İlk kez dizilenen Beethoven'ın genomu, ölüm nedeni hakkında ipuçları veriyor

 Besteci, karaciğer hastalığına ve hepatit B enfeksiyonuna genetik yatkınlığa sahipti.

Beethoven'ın Portresi, Joseph Karl Stieler, 1820

Ludwig van Beethoven, tüm zamanların en büyük bestecilerinden biridir, ancak hayatı boyunca, en önemlisi 1818'de çoğunlukla sağır olmak üzere, sayısız sağlık sorunuyla boğuşmuştur. kardeşlerine hitaben yazdığı bir mektupla - en sevdiği doktorun tüm acılarının nedenini belirlemek için ölümünden sonra vücudunu incelemesi.

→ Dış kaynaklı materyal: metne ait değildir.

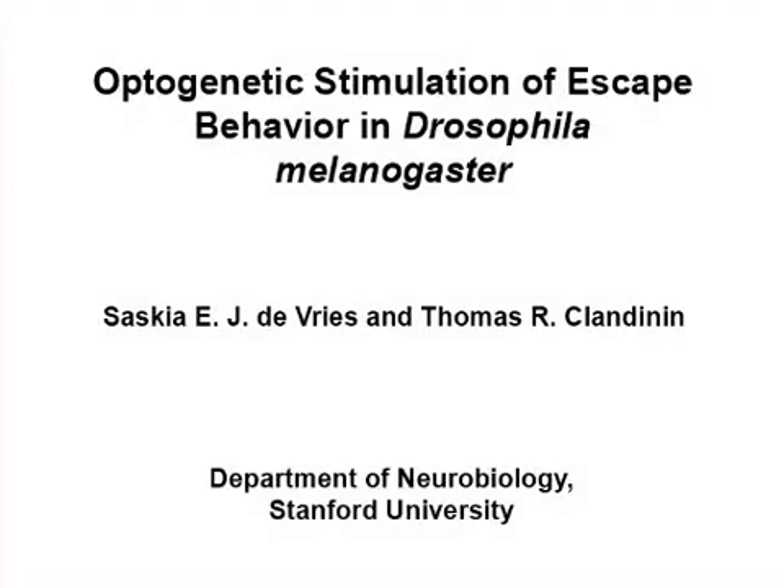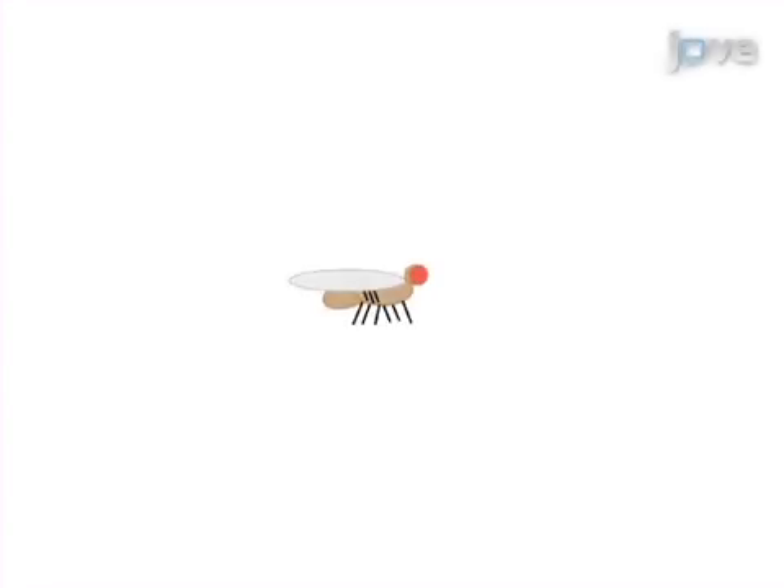The overall aim of this procedure is to use optogenetic stimulation to activate specific neurons in freely walking flies to test their involvement in the flies' escape response. This is accomplished by first starting with flies of the appropriate genotype that have been raised on food supplemented with all trans-retinal.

Bestecinin ölümünden yaklaşık iki yüzyıl sonra, bilim adamları onun genomunu korunmuş saç buklelerine göre sıraladıklarını söylüyorlar. Current Biology dergisinde yayınlanan yeni bir makaleye göre, bu genomun analizi Beethoven'ın işitme kaybının veya kronik sindirim sorunlarının kesin bir nedenini saptamada başarısız olsa da, karaciğer hastalığı için çok sayıda risk faktörüne sahipti ve hepatit B ile enfekte oldu. Araştırmacılar ayrıca, Beethoven'ın baba soyunun bir yerinde, bir atadan birinin evlilik dışı bir ilişkisi olduğuna dair genetik kanıtlar da buldular.

Max Planck Evrim Enstitüsü'nde eski DNA uzmanı Johannes Krause, "Beethoven'ı neyin öldürdüğünü kesin olarak söyleyemeyiz, ancak en azından önemli bir kalıtsal riskin ve hepatit B virüsü enfeksiyonunun varlığını doğrulayabiliriz" dedi. Antropoloji. "Ayrıca daha az olası genetik nedenleri de ortadan kaldırabiliriz." Tamamen sıralanmış genom, diğer araştırmacıların gelecekteki çalışmaları yürütmek için erişebilmeleri için halka açık hale getirilecek.

Beethoven, 20'li yaşların ortalarında ve sonlarında işitme duyusunu kaybetmeye başladı, kulak çınlaması ve özellikle yüksek tonlu frekanslarda kayıp yaşadı. Başlangıcın, 1798'de bir şarkıcıyla çıkan bir tartışmanın neden olduğu bir krizle başladığını iddia etti. 40'lı yaşlarının ortalarında, işlevsel olarak sağırdı ve hâlâ müzik besteleyebilmesine rağmen halka açık konserler veremedi. Ayrıca, kalıcı karın ağrıları ve uzun süreli ishal dönemleri dahil olmak üzere ömür boyu süren kronik mide rahatsızlıkları vardı. 1821'de besteci, iki ciddi sarılık nöbetinden ilkiyle işaretlenen karaciğer hastalığı belirtileri gösterdi.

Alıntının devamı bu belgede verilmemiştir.